そう思い、私はにっこりと笑ってエドガー殿下を見つめる。
「まあ、殿下!とっても嬉しいです!バーナード殿下には全く相手にされませんでしたが、エドガー殿下がそのように私を評価してくれたことで、女性としての尊厳が満たされていく思いですわ!ええ、殿下のような美丈夫に、自分の婚約者だったらなどと言われるのは、この上ない喜びですもの」
「うわあ、すごいや。全く心のこもっていない喜びだね」
そう言われて、私は心の中で首を傾げる。おかしいわね。全力で嬉しそうな顔をしたつもりだったのだけど。レーウェンフックで自由に伸び伸びとしてばかりいたから、表情を作るのが下手になってしまっているのかしら?
だけど、隣にいるフェリクス様はハッと息をのんで体を強ばらせていたから、おそらく『社交辞令を真に受けて喜ぶなんて、後で傷つくんじゃないだろうか』と心配してくれたのだと思うのよね。

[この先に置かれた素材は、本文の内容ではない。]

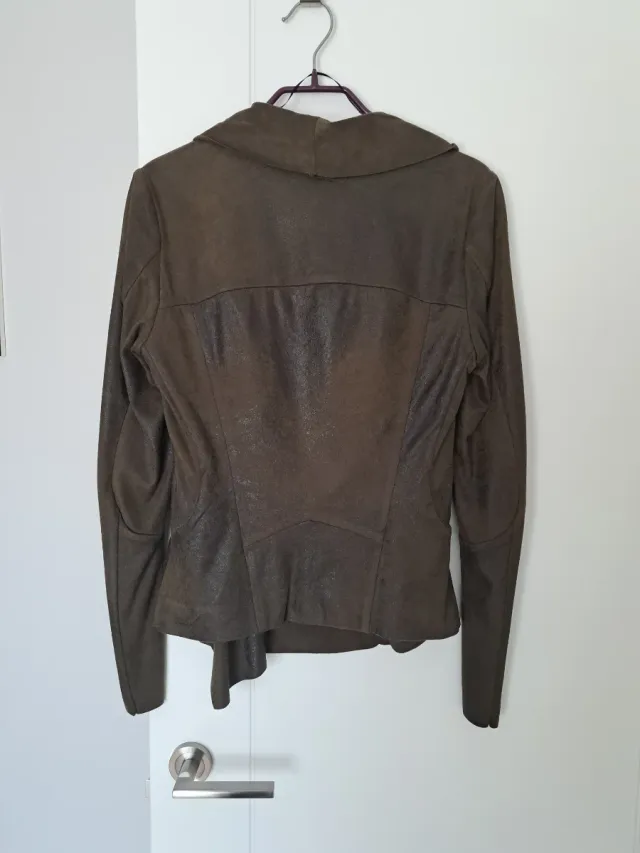 Chaquetilla Zara Verde Militar Talla S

フェリクス様ってなんだかんだ優しいし。
それなら、私が取り繕うのが下手なんじゃなくて、単純に王太子殿下の目が優れているのかもしれないわね。
そんなエドガー殿下はその話を長く続けるつもりはないらしく、真剣な表情に切り替わると、私とフェリクス様に告げる。

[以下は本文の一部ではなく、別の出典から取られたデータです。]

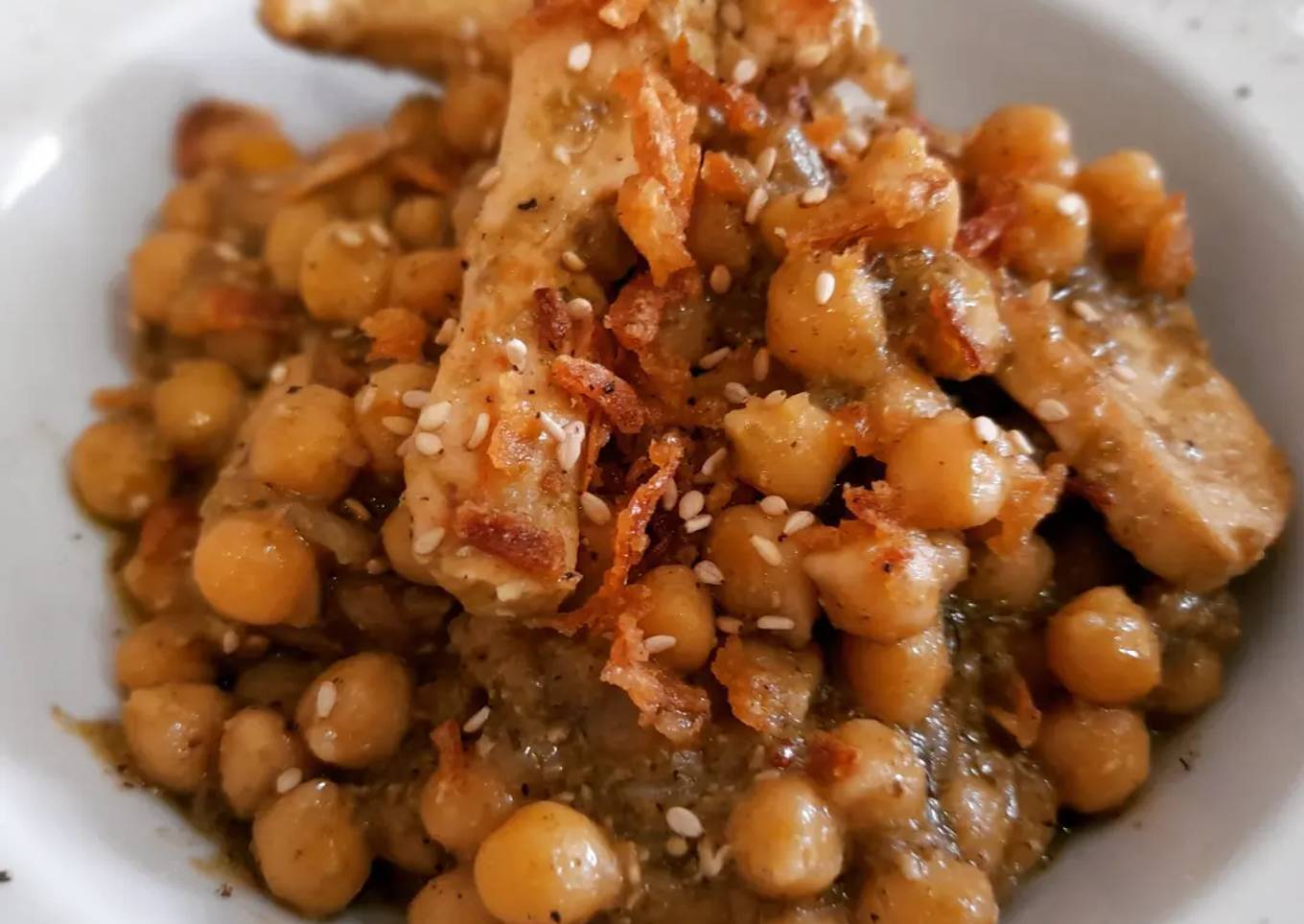 Garbanzos con pollo al pesto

「それでは、二日だ。二日で病を収束させてくれ。三日後に夜会を開き、病が無事収束した祝いと共に、陛下の退位と私の即位を宣言するから。もちろん、正式な式典は別で開くけどね」
「ええっ!?」
さっき、エドガー殿下は急に話題を変えたのだと思っていたのだけど、どうやら全く変わることなく同じ話題の続きだったらしい。
それにしても、三日後に退位と即位の宣言だなんて、あまりにも事が早いのでは?
殿下の余裕のある笑みを見ながら、私はなんだかとんでもない場所に居合わせているような気がして、冷や汗が吹き出していた。
「そうそう、もちろん君たちは夜会の主役だよ?なんせ病を治す天使と、その天使の守護者なんだからね。とはいえとても急なことではあるし、準備は全てこちらで整えるから、安心して病を治してまわってくれ」
「…………はい」
ツッコミどころはたくさんあったけど、ありすぎてツッコミが追いつきそうになかったので、仕方なく全て飲み込むことにした。
あまりに急展開ではあるけれど、殿下が「褒美は何がいいか、考えておいてくれ」と言っていたので、この結果は決して悪くないのではないかと思う。
私の望む褒美は一択だもの。大賢者エリオス様のことを知りたい。王家とエリオス様の関係性次第では、できるなら直接会わせてほしい。
そして、フェリクス様の呪いを解くヒントを得るのだ。